Beginning with the line that has "Portugal - January", write out each line down to the end of the records below exactly, and include no pictures.

START INPUT DATA

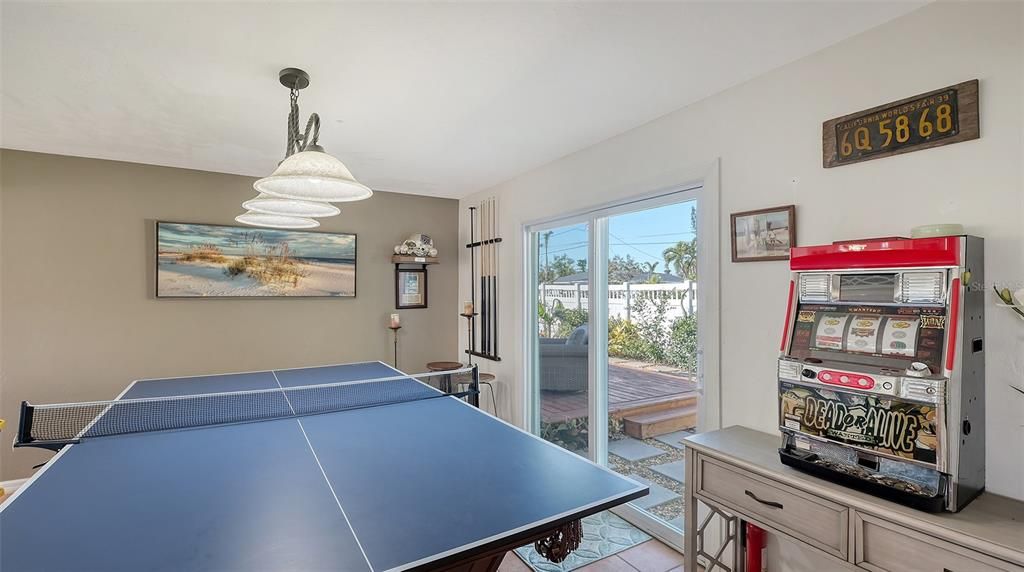 Dining room transformed to a game room with pool and ping pong table.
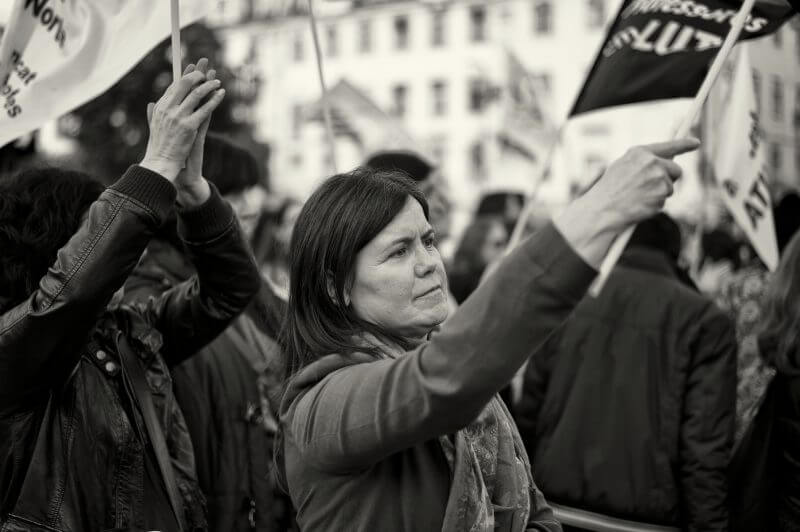 "Lisbon, Portugal - January 26, 2013: A woman waves a flag during a protest rally in Lisbon downtown, against the Education policy of the government."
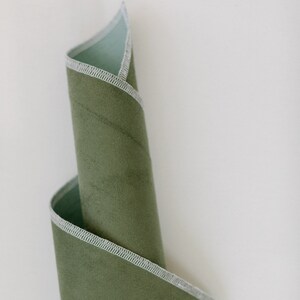 May include: A rolled up piece of green fabric with a white stitched edge.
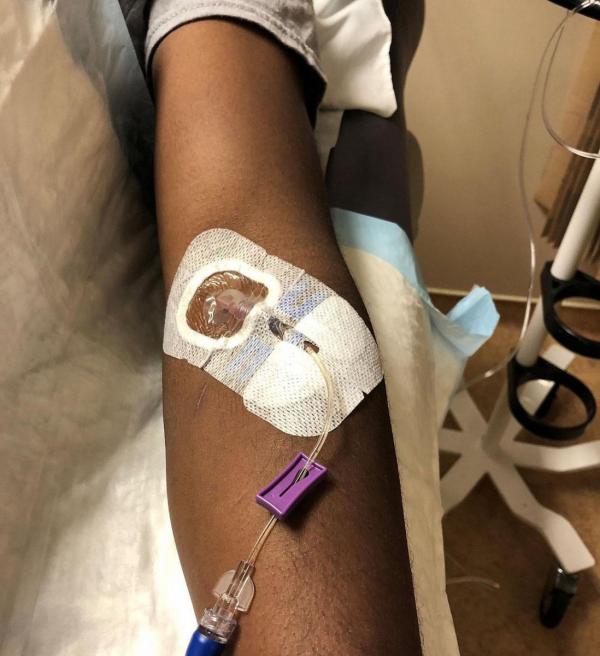 a volunteer receives an infusion of an experimental Ebola therapy during a phase I clinical trial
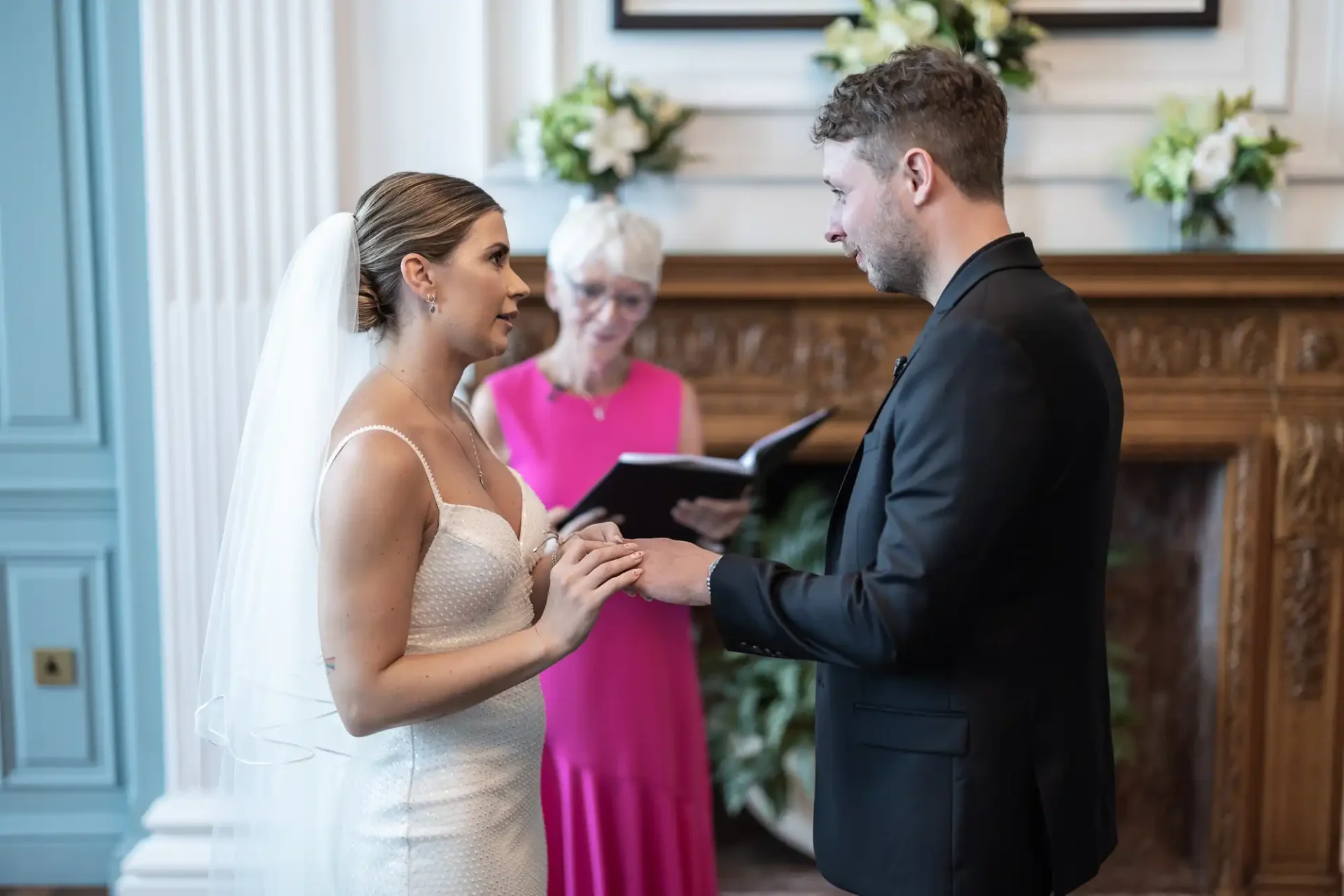 A bride and groom exchange vows in a sophisticated room with an officiant in pink reading from a book.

END INPUT DATA

◆ **WRITTEN RESPONSE**
 "Lisbon, Portugal - January 26, 2013: A woman waves a flag during a protest rally in Lisbon downtown, against the Education policy of the government."
 May include: A rolled up piece of green fabric with a white stitched edge.
 a volunteer receives an infusion of an experimental Ebola therapy during a phase I clinical trial
 A bride and groom exchange vows in a sophisticated room with an officiant in pink reading from a book.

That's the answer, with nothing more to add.